Students who take out loans from private lenders to finance their education should have the same right to discharge their debt in bankruptcy that other borrowers enjoy, Illinois Senator Dick Durbin said today.
“While the overall growth in student indebtedness is troubling, the most pressing concern is private student loans,” Durbin, the No. 2 Senate Democrat, said in prepared remarks at a Senate judiciary subcommittee hearing. “These private student loans are a far riskier way to pay for an education than federal loans.”
Outstanding student-loan debt reached an estimated $867 billion in the fourth quarter, and is greater than total U.S. credit-card debt. The student debt includes private loans, which don’t offer options as some government-backed loans when borrowers become financially distressed, including income-based repayment. Durbin introduced a bill in May to eliminate a 2005 provision that made privately issued student loans nondischargable in bankruptcy.

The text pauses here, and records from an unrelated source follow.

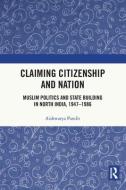 Claiming Citizenship And Nation di Aishwarya Pandit edito da Taylor & Francis Ltd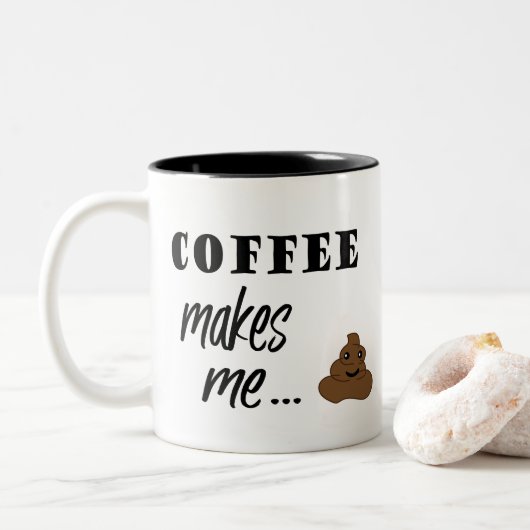 Koffie maakt me een poep-mok tweekleurige koffiemok (Met donut)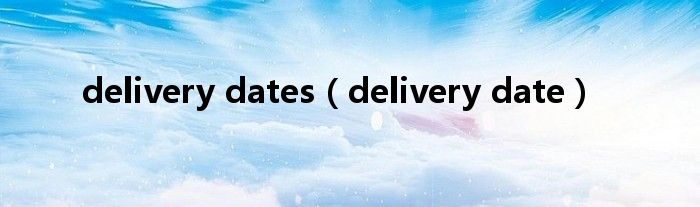 delivery dates（delivery date）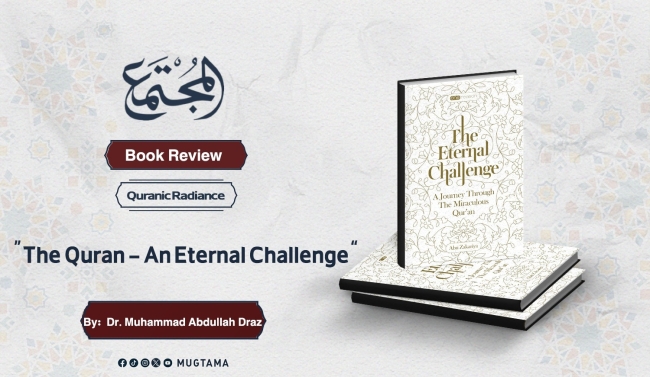 Book Review: “The Quran - An Eternal Challenge” By Dr. Muhammad Abdullah Draz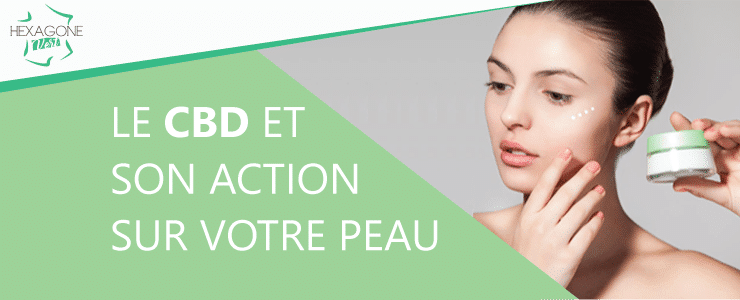 Le CBD et son action sur votre peau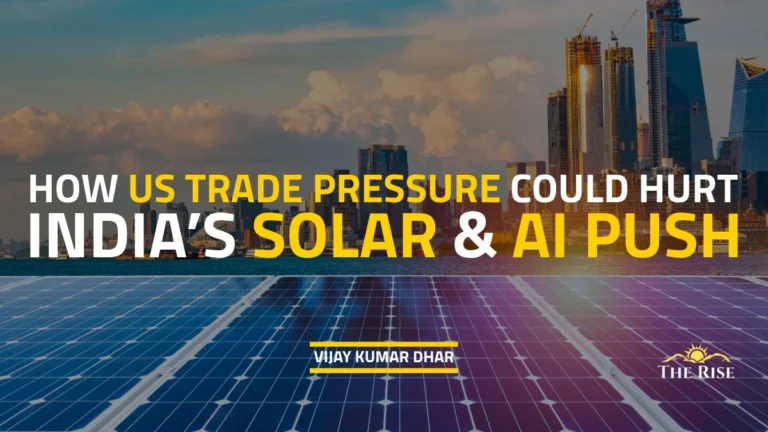 How US Trade Pressure Could Hurt India’s Solar & AI Push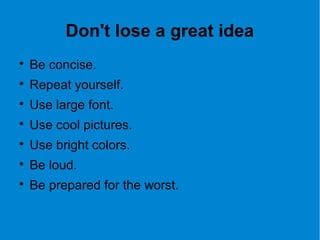 Don't lose a great idea

Be concise.

Repeat yourself.

Use large font.

Use cool pictures.

Use bright colors.

Be loud.

Be prepared for the worst.
 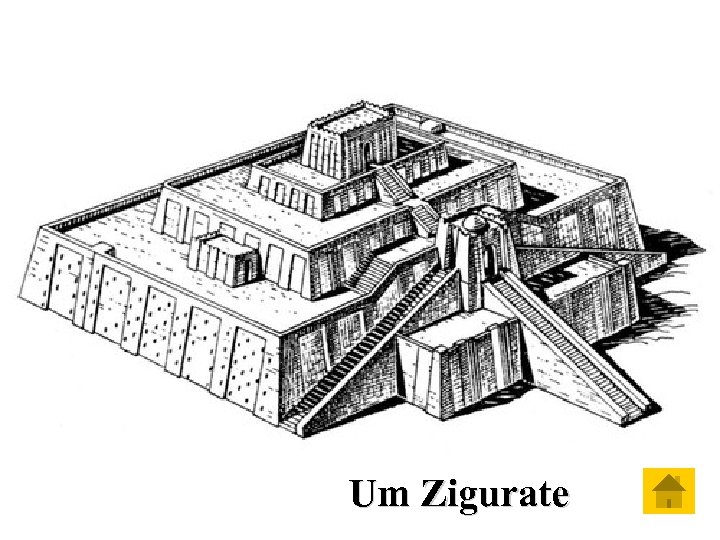 Um Zigurate 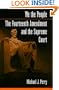 We the People: The Fourteenth Amendment and the Supreme Court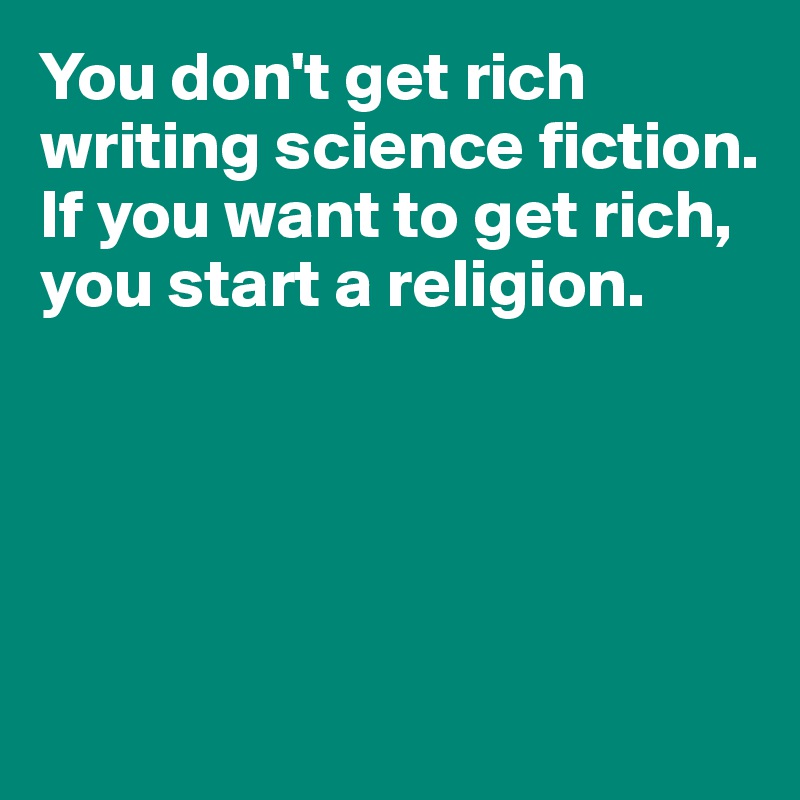You don't get rich writing science fiction. If you want to get rich,
you start a religion.





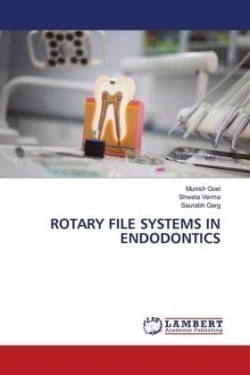 ROTARY FILE SYSTEMS IN ENDODONTICS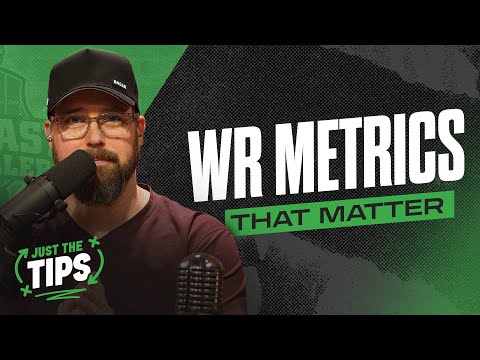 WR Metrics That Matter | Just The Tips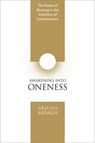 Awakening into Oneness - Arjuna Ardagh - 9781591798644
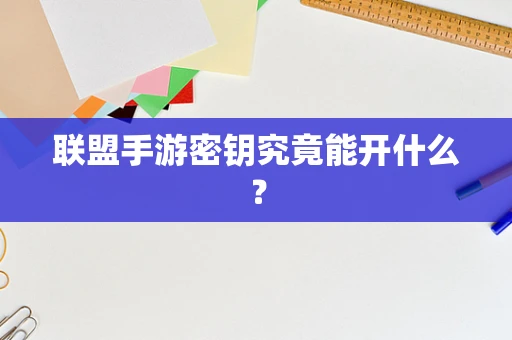 联盟手游密钥究竟能开什么？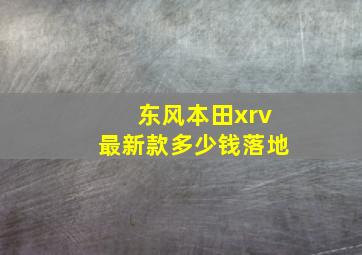 东风本田xrv最新款多少钱落地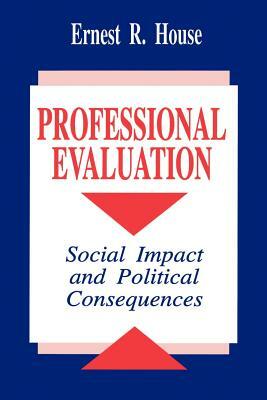 Professional Evaluation: Social Impact and Political Consequences by Ernest R. House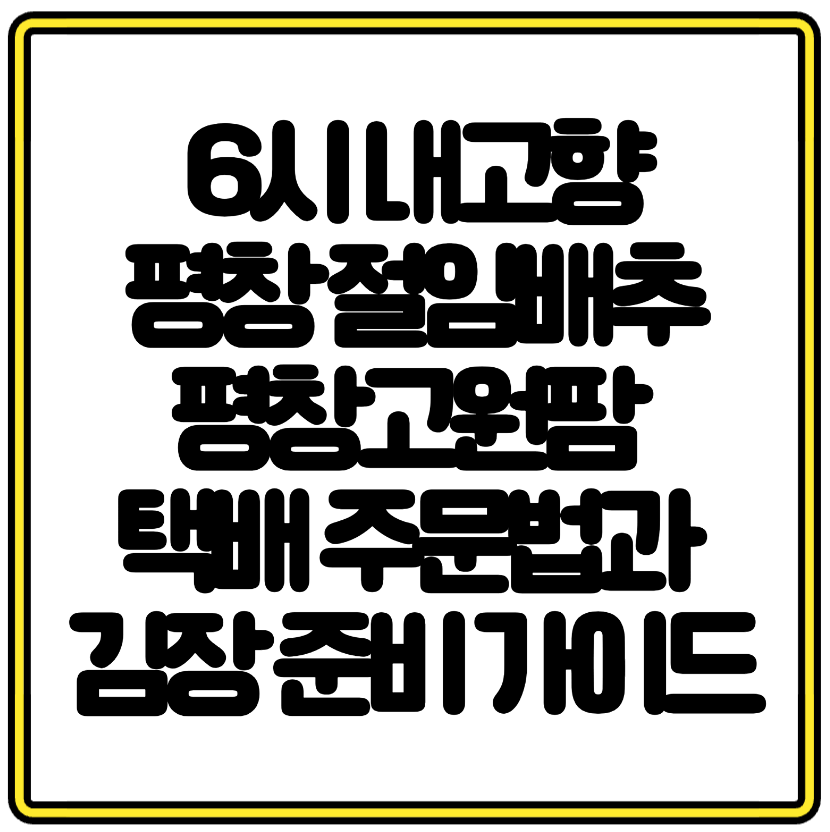 6시 내고향 평창 절임배추 평창고원팜 택배 주문법과 김장 준비 가이드
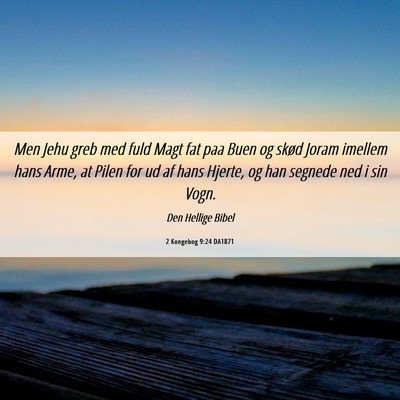Picture 06 - 2 Kongebog 9:24 DA1871 - Men Jehu greb med fuld Magt fat paa Buen og skød - Bible Verse Picture
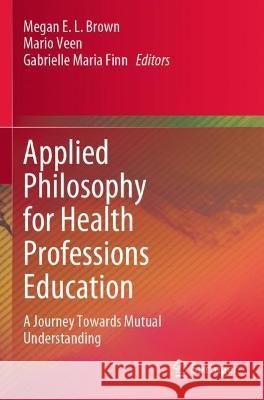 Applied Philosophy for Health Professions Education  9789811915147 Springer Nature Singapore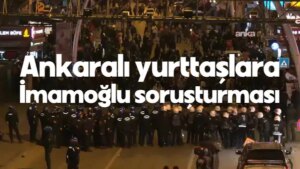 İmamoğlu Gözaltısı: Ankara’da Protesto Eylemleri
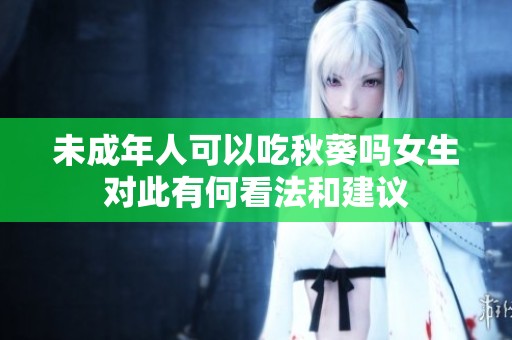 未成年人可以吃秋葵吗女生对此有何看法和建议
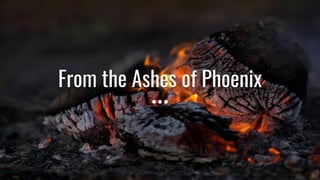 From the Ashes of Phoenix
 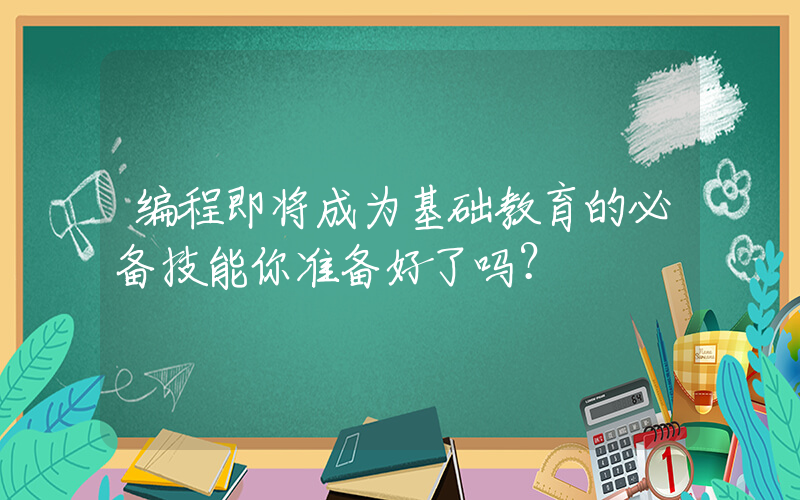 编程即将成为基础教育的必备技能你准备好了吗？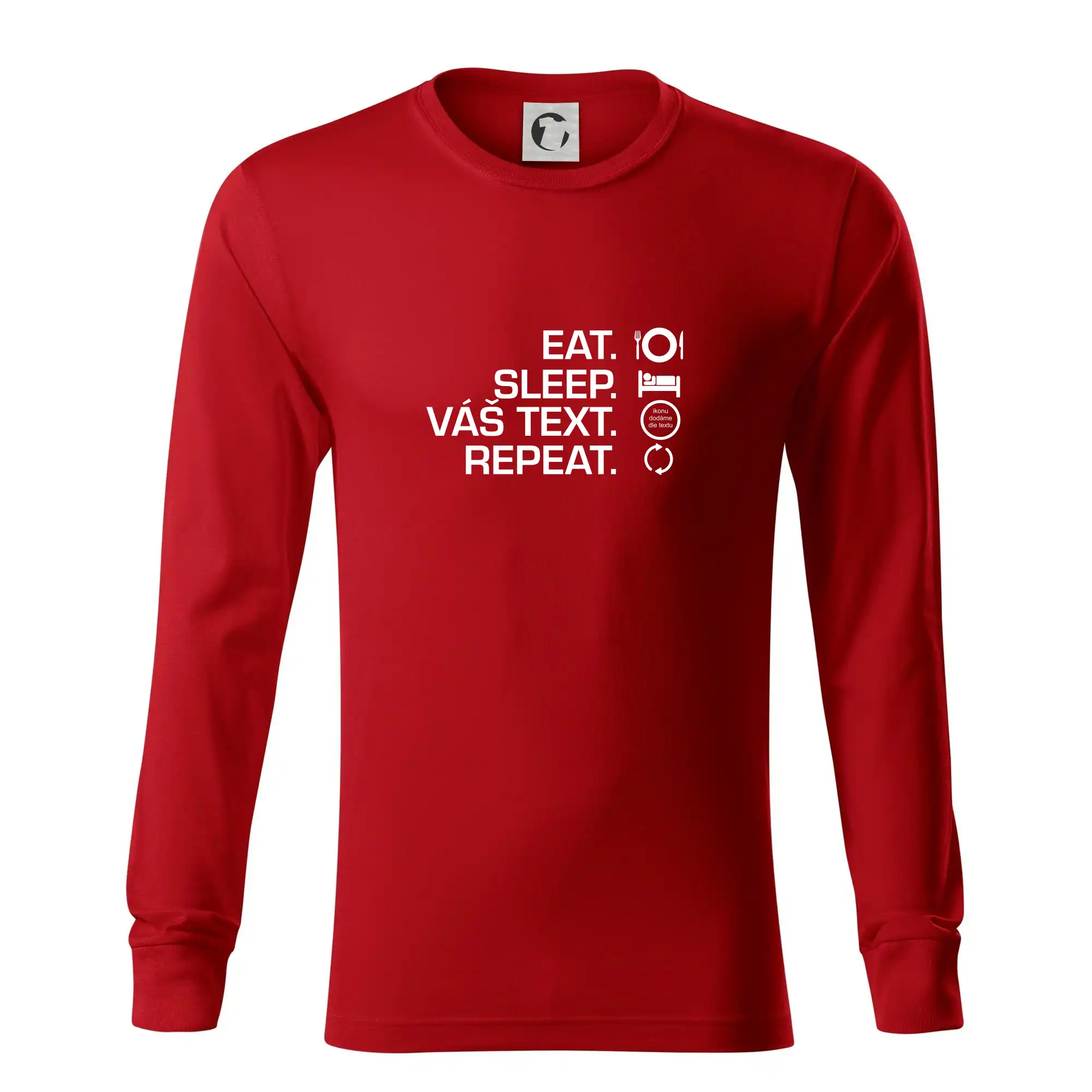 Eat sleep repeat vlastní text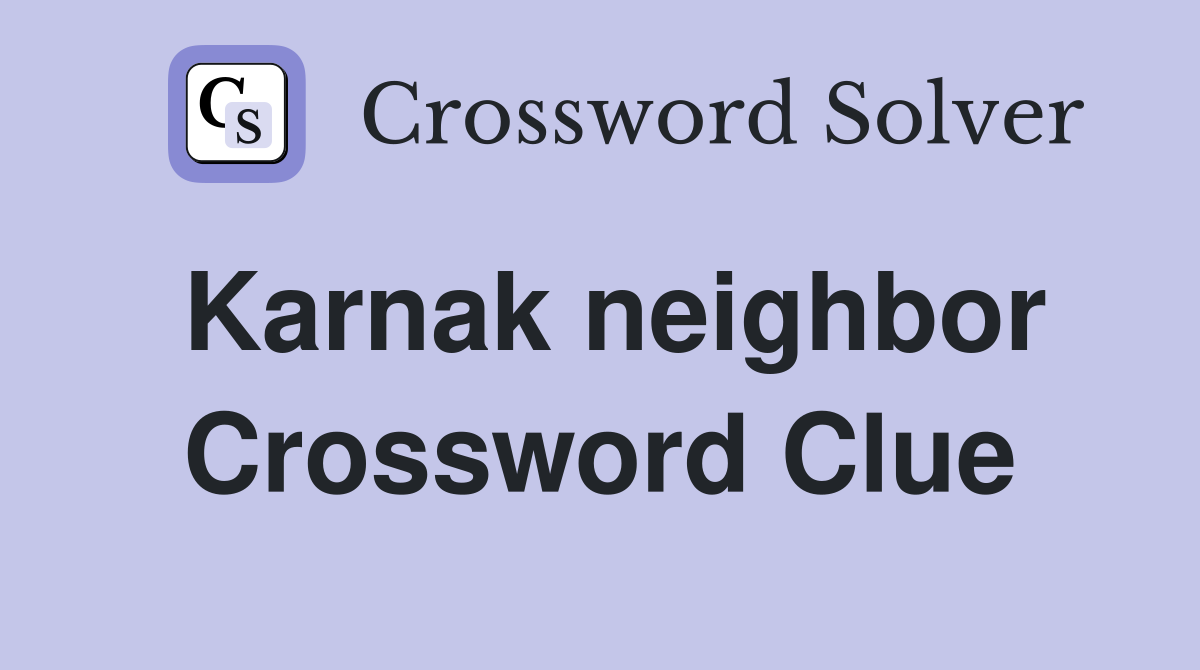 Karnak neighbor Crossword Clue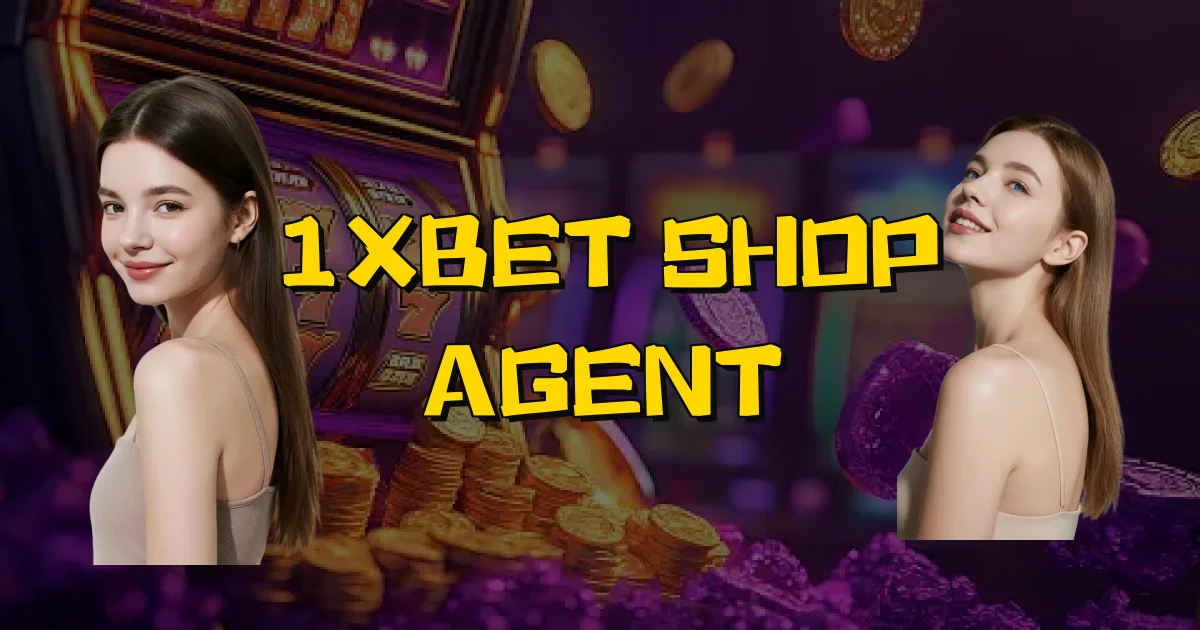 1Xbet Shop Agent Oficial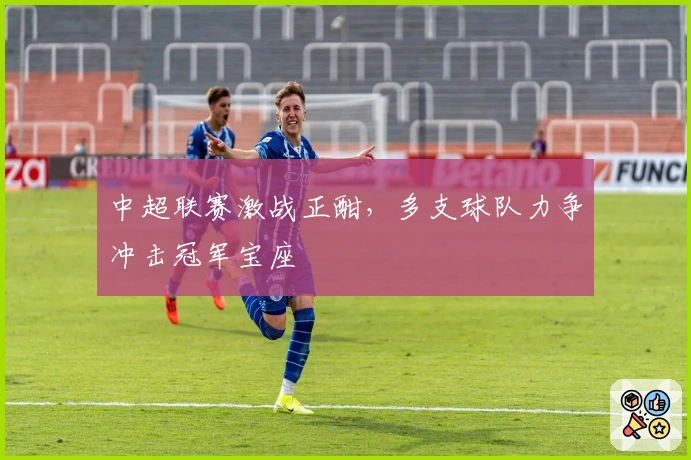 中超联赛激战正酣，多支球队力争冲击冠军宝座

Five years after graduating from Harrington College of Design in Chicago, Danielle Jokela has yet to find a job as a designer and struggles to repay more than $98,000 in student loans.
“I’m asking you to create legislation that will empower us to overcome this burden, and prevent future students from falling into the same trap,” Jokela said in prepared testimony for the hearing. She has a monthly debt payment of about $830, about 28 percent of her current income.
Harrington is operated by for-profit college company Career Education Corp.